= Beginning of Section =

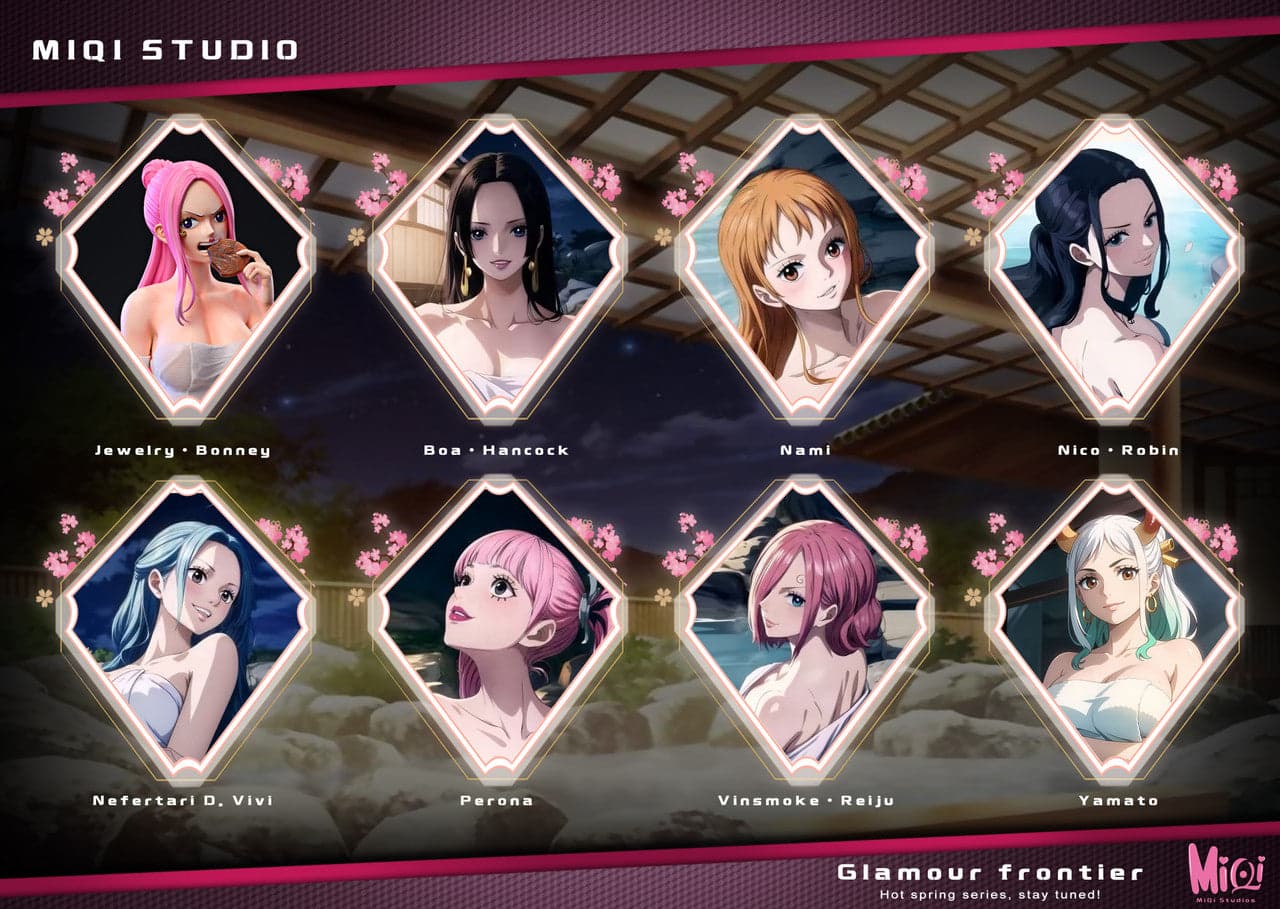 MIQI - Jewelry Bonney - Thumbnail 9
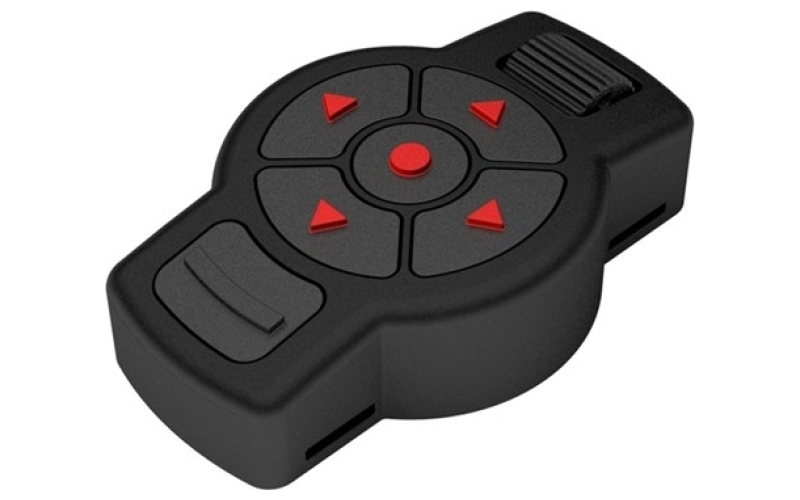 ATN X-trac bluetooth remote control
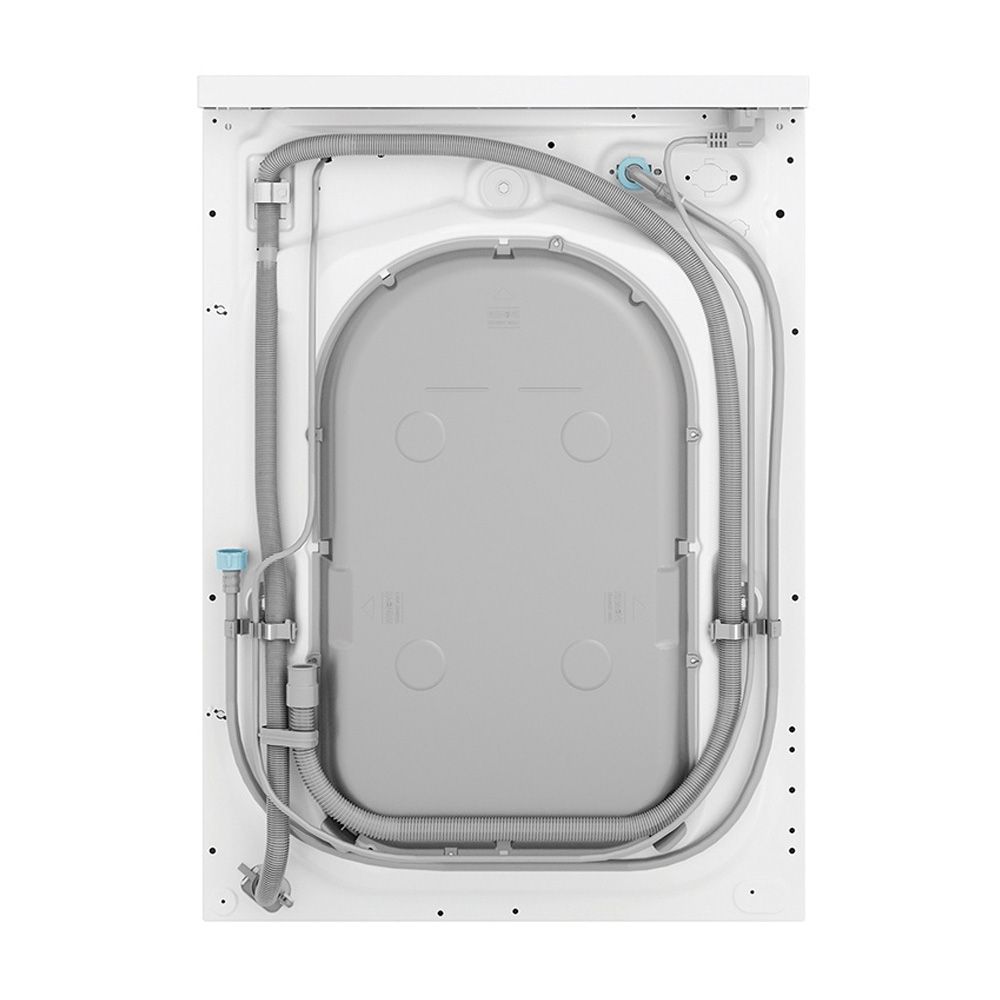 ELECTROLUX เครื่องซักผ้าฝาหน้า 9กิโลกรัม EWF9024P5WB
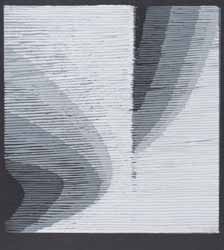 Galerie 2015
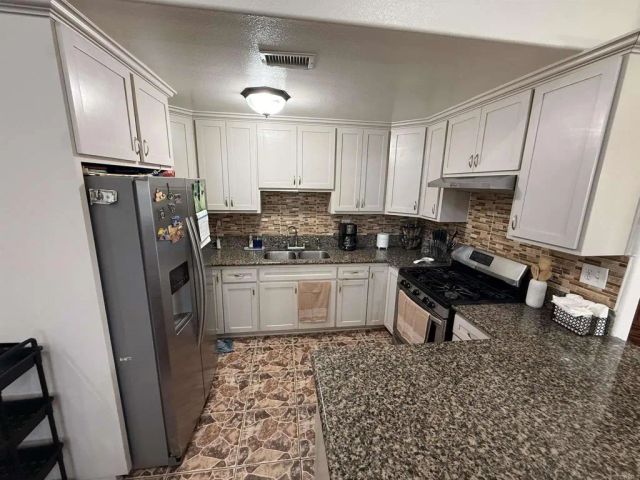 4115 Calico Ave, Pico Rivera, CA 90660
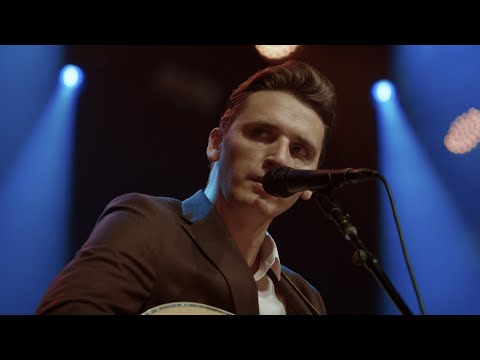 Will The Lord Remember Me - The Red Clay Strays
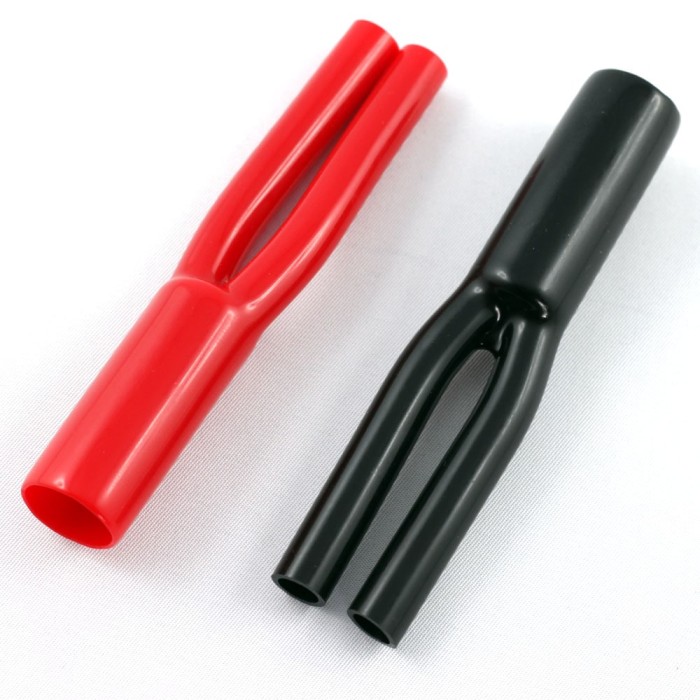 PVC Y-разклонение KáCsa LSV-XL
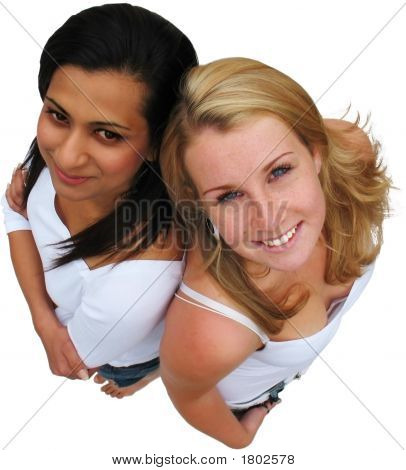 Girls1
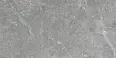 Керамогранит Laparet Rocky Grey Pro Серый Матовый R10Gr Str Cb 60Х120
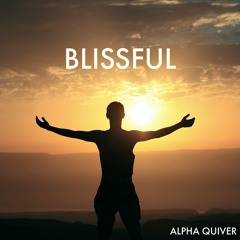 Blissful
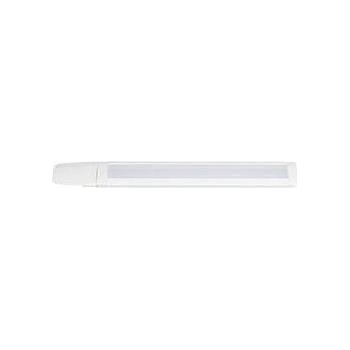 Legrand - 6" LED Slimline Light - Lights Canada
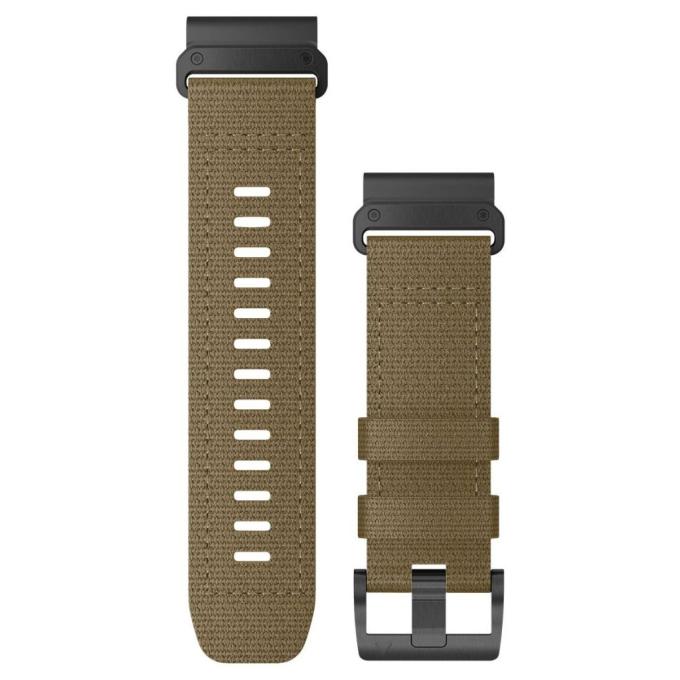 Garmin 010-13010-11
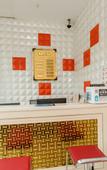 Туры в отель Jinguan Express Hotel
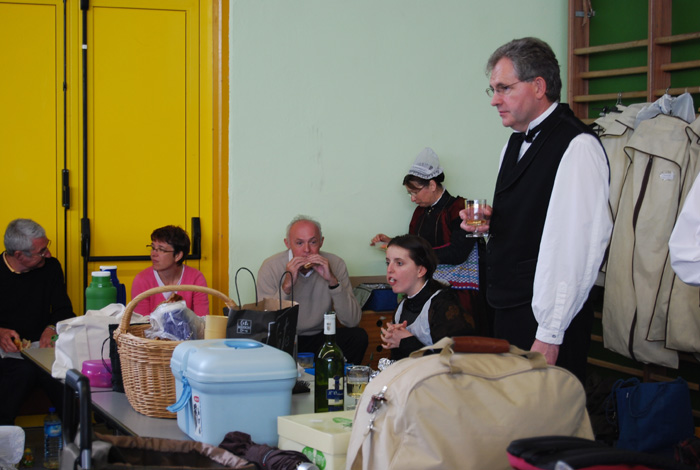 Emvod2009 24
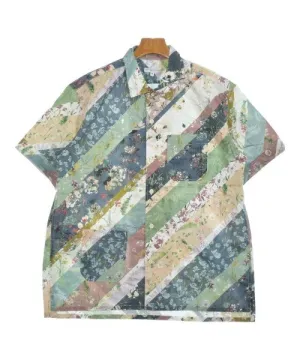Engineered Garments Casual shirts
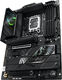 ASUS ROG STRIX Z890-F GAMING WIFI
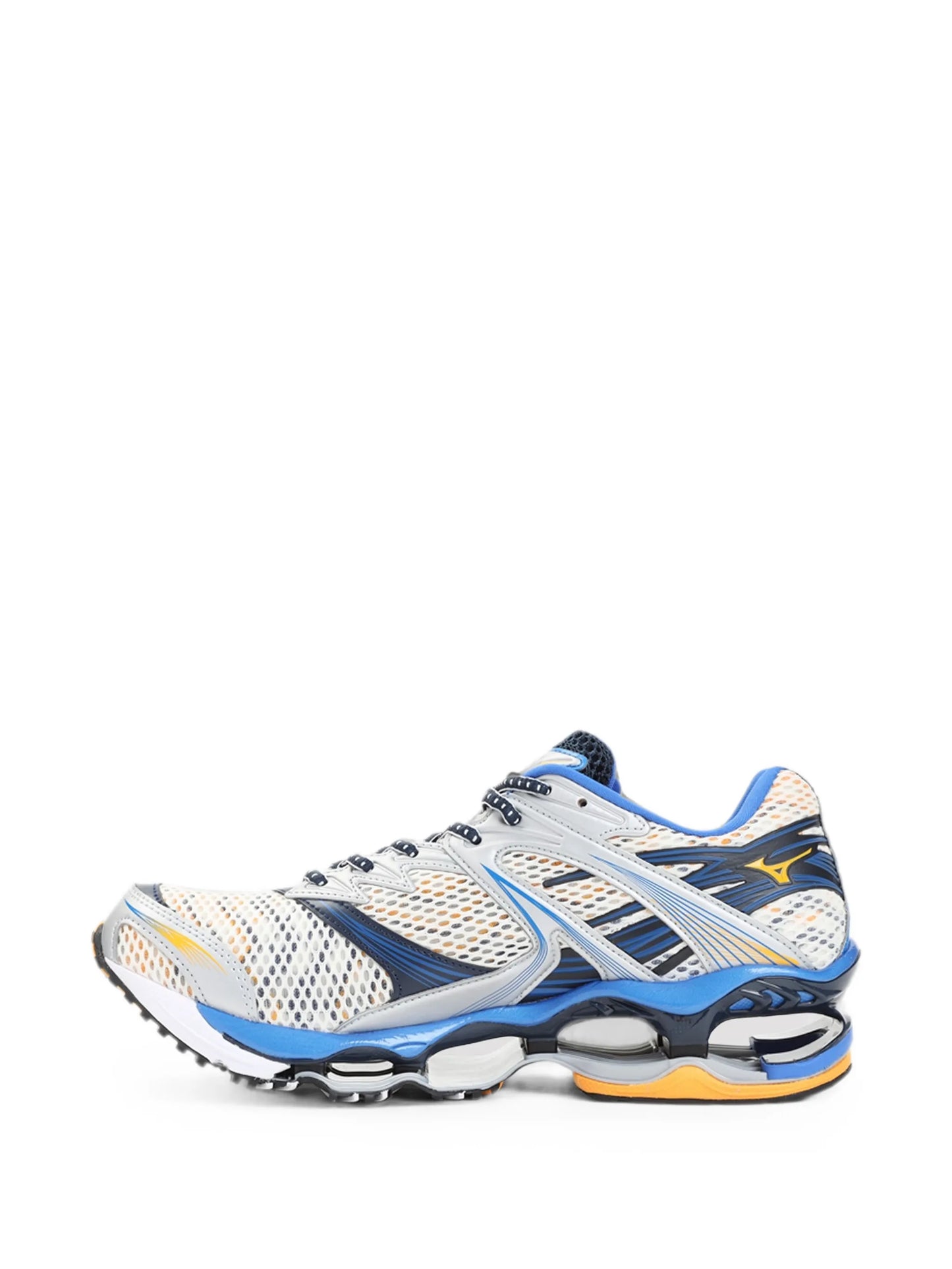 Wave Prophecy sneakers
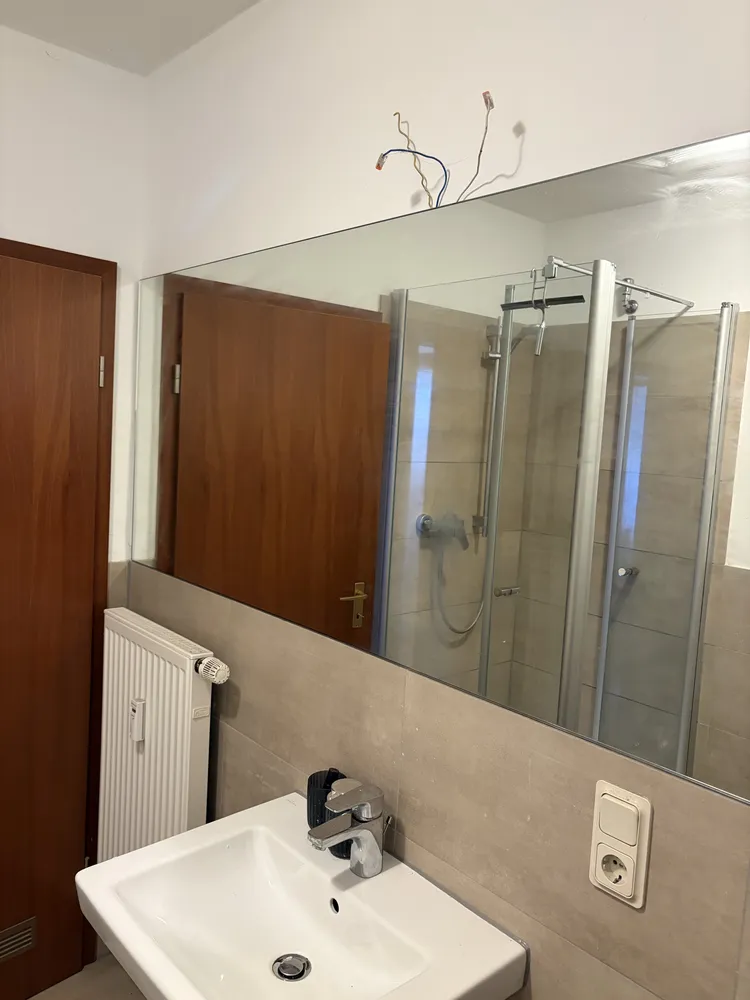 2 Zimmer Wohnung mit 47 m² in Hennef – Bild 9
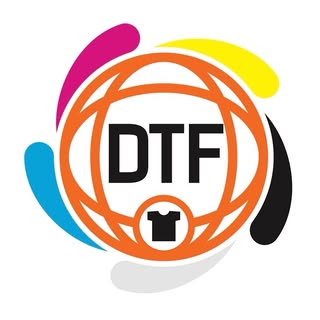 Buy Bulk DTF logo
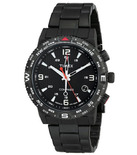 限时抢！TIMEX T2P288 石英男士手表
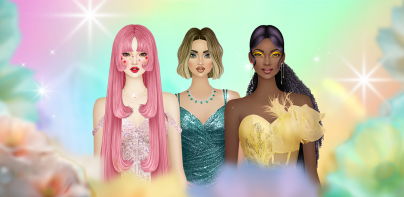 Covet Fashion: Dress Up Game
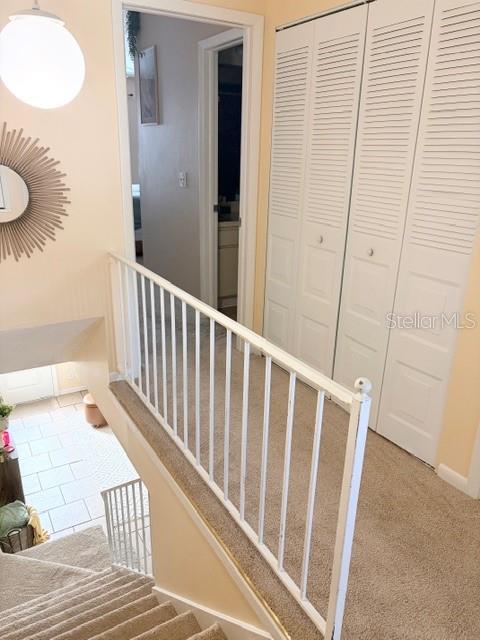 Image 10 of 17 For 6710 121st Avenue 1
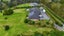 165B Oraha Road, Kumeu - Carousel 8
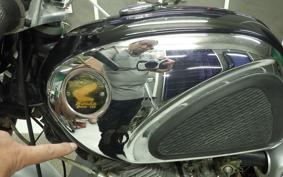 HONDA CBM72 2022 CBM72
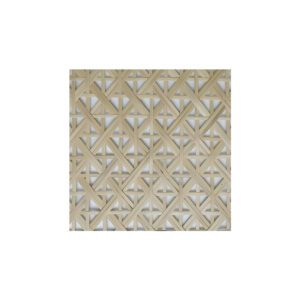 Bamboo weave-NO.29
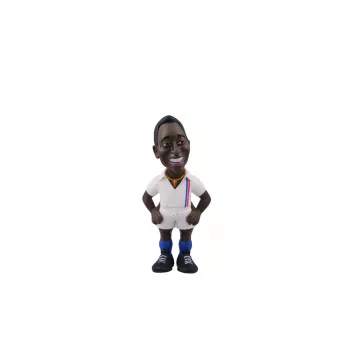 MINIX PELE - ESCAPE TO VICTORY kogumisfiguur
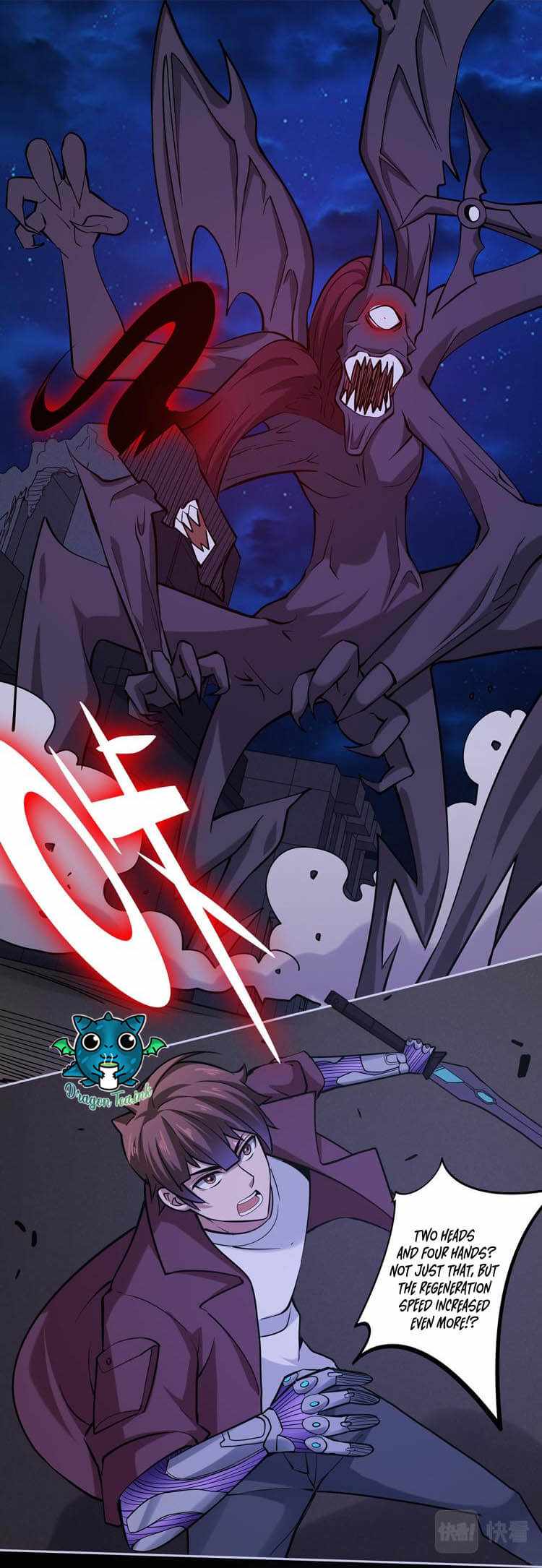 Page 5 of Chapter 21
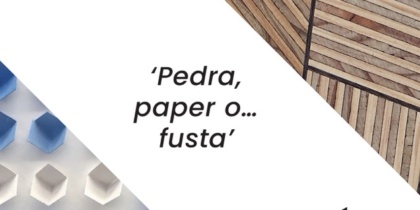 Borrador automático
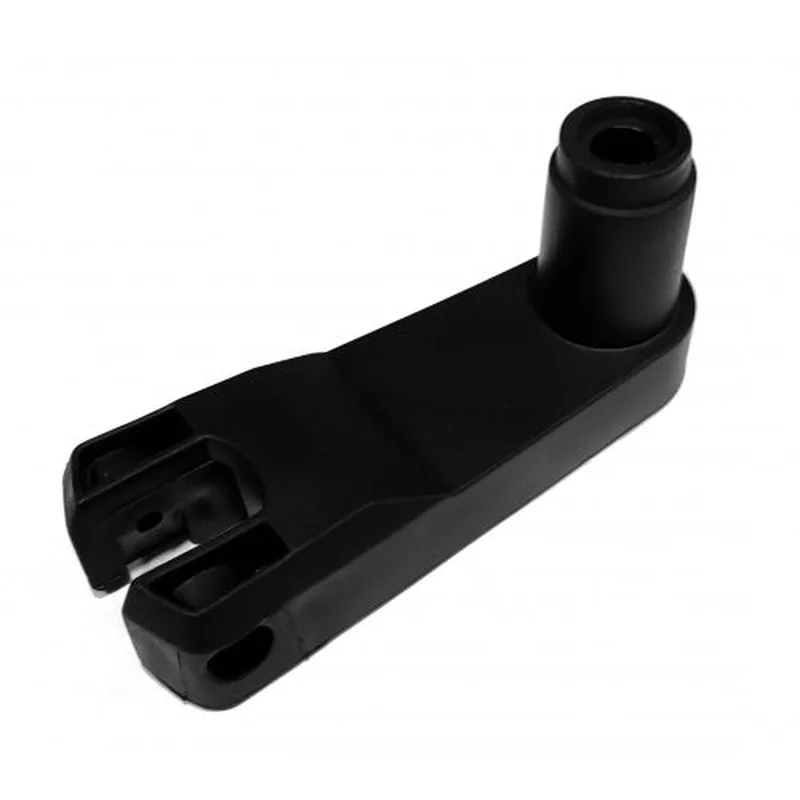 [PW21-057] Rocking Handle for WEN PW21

= End of Section =

» TASK STATEMENT
The required output is the lines from the one containing "Will The Lord" through the end of the data, printed exactly, with no pictures.

» ANSWER BELOW
 Will The Lord Remember Me - The Red Clay Strays
 PVC Y-разклонение KáCsa LSV-XL
 Girls1
 Керамогранит Laparet Rocky Grey Pro Серый Матовый R10Gr Str Cb 60Х120
 Blissful
 Legrand - 6" LED Slimline Light - Lights Canada
 Garmin 010-13010-11
 Туры в отель Jinguan Express Hotel
 Emvod2009 24
Engineered Garments Casual shirts
 ASUS ROG STRIX Z890-F GAMING WIFI
 Wave Prophecy sneakers
 2 Zimmer Wohnung mit 47 m² in Hennef – Bild 9
 Buy Bulk DTF logo
 限时抢！TIMEX T2P288 石英男士手表
 Covet Fashion: Dress Up Game
 Image 10 of 17 For 6710 121st Avenue 1
 165B Oraha Road, Kumeu - Carousel 8
 HONDA CBM72 2022 CBM72
 Bamboo weave-NO.29
 MINIX PELE - ESCAPE TO VICTORY kogumisfiguur
 Page 5 of Chapter 21
 Borrador automático
 [PW21-057] Rocking Handle for WEN PW21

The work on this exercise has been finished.